A recent Gallup survey found that one of the things employees want most from their managers is the opportunity to learn and grow.
With our new hybrid workplace, these statistics clearly indicate that organizations need to implement more learning and development (L&D) opportunities. In fact, a McKinsey survey of executives, Chief Learning Officers (CLOs) and L&D leaders found that 60% planned on increasing L&D spending and 66% were intent on expanding employee training hours over the next few years.
A cornerstone of Betterworks, professional L&D is essential to both the growth of the employee as well as the company. But it isn’t so clear cut. There needs to be a well-defined understanding of an employee’s strengths combined with L&D that builds on them. Additionally, they should align with the transparent and concise objectives of the organization with consistent coaching and feedback mixed in.
Identifying Your Strengths and Finding Your Path
My own path to Betterworks was a novel one. I began my career as a quantitative consultant in the pharmaceutical industry. Soon, I became head of analytics at Novartis. I parlayed my industry experience and love of analytics into building software for pharmaceutical companies. Eventually, I built my own human resource (HR) technology company, Hyphen. Betterworks acquired it in early 2020. Though it feels like a lot of directions and changes, I played to my strengths and interests to learn and grow.
I am not alone in having a patchwork of seemingly disparate positions in various organizations. Many of us make multiple career changes throughout our professional lives. According to the Bureau of Labor Statistics, younger baby boomers (those born between 1957 and 1964) changed jobs (defined in the report as an uninterrupted period of work with a particular employer) an average of 12.3 times from ages 18 to 52. The average for men was 12.5 jobs and for women 12.1.

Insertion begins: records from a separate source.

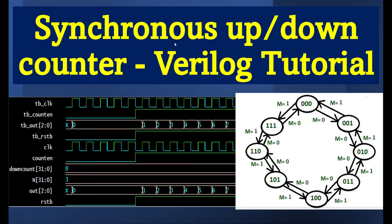Hello, everyone. Today we are going to learn about synchronous up and down counters using SystemVerilog — how to code the design for the N-bit up and down counter and view the output waveform from the EDA playground. A synchronous counter means it's a clock-based counter.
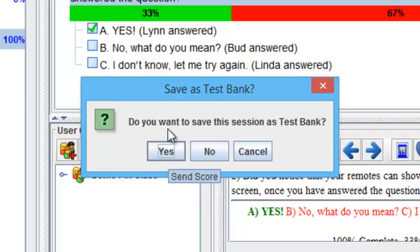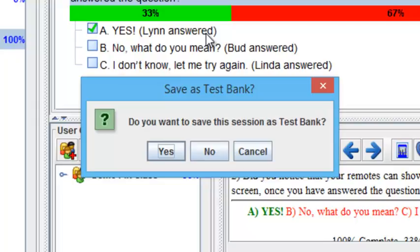This is a new question for iRespond Power Presenter mode. Do you want to save this session as a test bank? What this will do is save the questions and the answers from the previous PowerPoint presentation as a test bank on your iRespond dashboard.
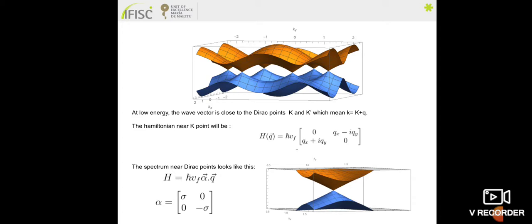For our calculation, we are interested in the region near those K and K prime Dirac points. The spectrum near those points is represented as Dirac cones.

It begs the question: How can we, as organizations and leaders, do a better job of identifying potential, playing to employees’ strengths and interests, fostering an environment of learning, and ensuring their career development? I think the answer lies in these three areas:
- Find the common thread: What are the one or two constants among your employee’s strengths and interests? In my case, it was the analytics. I had a passion and focus for it. Identifying and playing to each employee’s strengths and interests is the first step in figuring out where they fit in the organizational puzzle and how they can meet individual, team, and organizational goals. Performance management tools as well as regular employee-manager communication help to fine-tune this process.
- Enhance potential through professional learning and development: Learning is at the foundation of our work. Employees who are learning and growing professionally have more job satisfaction. They feel valued and more motivated, especially if their L&D is closely aligned to their own strengths and interests as well as the organization’s strategies and goals. Organizations will enjoy higher rates of employee attraction and retention. L&D also builds resilience into the organization, since employees now have the skillset to adapt, stretch and challenge themselves through professional development. Employees who have these opportunities are more likely to challenge themselves by asking, “What’s working and what’s not?” and “How can I contribute to the solution?” Those are the employees who move the needle on an organization’s goals.

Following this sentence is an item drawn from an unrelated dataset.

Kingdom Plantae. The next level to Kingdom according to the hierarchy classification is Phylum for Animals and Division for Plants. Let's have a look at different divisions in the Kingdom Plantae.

- Close the loop by aligning your employees with the organization’s strategies to yield results: Strategies should be concise and transparent. Every employee’s goals should be linked to the organization’s desired outcomes as well. Objectives and Key Results (OKRs) are a critical component to this process. With the right performance management platform, employee goals will be updated automatically. Leaders then know everyone is moving in the right direction. Regular feedback and coaching will keep employees engaged by encouraging good communication and connection between them and their managers. It also keeps them on track to meet these quarterly and annual goals through progress check-ins at the same intervals. The closing of the loop is even more critical now that we are in a hybrid workplace.
When we commit to helping the employee tap into their potential through L&D, they become more connected to their goals and the organization overall. Engagement through L&D, clear goals, and consistent, open feedback and coaching are the keys to aligning them with their strengths, interests, career growth and the desired results of the organization.